All my work represents reality and pursues Beauty, and much of it has narrative. I have never been attracted to Abstract art, Cubism, or other modern genres. However, I do like Impressionism. Although I use my own photographs as reference material, and often aim for a high degree of realism, I have no interest in rendering photographs as paintings. I do not want to be a human photocopier! Therefore, as a rule of thumb, I do not paint images that could be captured with photography and photo-editing software.

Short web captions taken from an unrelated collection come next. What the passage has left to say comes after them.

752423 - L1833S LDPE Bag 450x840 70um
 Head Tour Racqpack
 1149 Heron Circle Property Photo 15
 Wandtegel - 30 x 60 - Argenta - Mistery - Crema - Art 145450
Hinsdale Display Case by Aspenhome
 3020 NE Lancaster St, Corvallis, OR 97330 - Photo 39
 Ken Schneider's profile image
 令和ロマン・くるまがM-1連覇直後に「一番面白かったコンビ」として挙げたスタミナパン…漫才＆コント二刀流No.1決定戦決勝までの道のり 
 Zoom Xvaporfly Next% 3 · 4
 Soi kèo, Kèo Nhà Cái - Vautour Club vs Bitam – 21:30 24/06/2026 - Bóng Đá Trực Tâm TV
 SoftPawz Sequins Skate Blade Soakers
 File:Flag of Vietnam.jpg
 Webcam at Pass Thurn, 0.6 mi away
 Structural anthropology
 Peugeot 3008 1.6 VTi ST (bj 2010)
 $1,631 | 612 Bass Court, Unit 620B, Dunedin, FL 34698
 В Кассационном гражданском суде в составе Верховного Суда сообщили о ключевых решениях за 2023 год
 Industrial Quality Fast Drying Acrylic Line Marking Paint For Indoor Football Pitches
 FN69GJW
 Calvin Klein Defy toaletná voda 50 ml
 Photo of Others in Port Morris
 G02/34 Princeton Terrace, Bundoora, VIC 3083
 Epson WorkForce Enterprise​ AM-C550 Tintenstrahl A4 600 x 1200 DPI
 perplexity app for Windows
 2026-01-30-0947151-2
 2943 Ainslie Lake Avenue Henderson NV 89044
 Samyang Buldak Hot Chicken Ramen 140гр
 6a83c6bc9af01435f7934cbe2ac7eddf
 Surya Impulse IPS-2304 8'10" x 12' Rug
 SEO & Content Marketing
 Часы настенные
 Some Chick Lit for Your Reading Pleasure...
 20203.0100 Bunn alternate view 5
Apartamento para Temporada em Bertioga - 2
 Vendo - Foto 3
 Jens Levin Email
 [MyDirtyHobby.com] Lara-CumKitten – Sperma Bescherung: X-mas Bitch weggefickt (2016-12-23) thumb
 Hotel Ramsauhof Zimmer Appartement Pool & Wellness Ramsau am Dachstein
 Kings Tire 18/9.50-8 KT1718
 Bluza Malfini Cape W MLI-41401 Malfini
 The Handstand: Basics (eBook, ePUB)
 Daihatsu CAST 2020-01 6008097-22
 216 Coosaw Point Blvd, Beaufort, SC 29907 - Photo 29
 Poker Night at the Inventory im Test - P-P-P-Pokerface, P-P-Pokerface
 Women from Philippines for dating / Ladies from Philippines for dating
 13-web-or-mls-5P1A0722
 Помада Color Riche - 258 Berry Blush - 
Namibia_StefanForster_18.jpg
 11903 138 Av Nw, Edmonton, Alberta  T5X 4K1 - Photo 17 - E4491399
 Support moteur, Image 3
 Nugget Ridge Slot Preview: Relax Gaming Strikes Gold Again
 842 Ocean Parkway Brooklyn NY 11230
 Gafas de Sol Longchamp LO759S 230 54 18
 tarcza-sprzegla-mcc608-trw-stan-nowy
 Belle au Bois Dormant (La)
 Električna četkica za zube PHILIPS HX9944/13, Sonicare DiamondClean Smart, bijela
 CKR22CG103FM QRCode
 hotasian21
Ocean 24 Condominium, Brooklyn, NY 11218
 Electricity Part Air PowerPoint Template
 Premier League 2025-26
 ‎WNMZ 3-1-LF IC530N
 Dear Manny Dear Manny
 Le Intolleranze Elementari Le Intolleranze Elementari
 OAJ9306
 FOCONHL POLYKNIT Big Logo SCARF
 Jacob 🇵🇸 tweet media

My favourite subject matter is the sky. Skies often cover over half the painting surface even in my cityscapes, and I often paint skyscapes without any reference at all to land or sea. I usually paint these in pastel from memory and imagination, inspired by skies I have recently seen, often aided by reference photos I have taken with my phone. Perhaps I should paint more skies because most of the successful ones have sold! Those I consider unsuccessful I destroy on completion. Unsatisfactory pastel paintings are not easy to salvage: although pastels are opaque, the tooth on pastel surfaces easily saturates, making overpainting impossible.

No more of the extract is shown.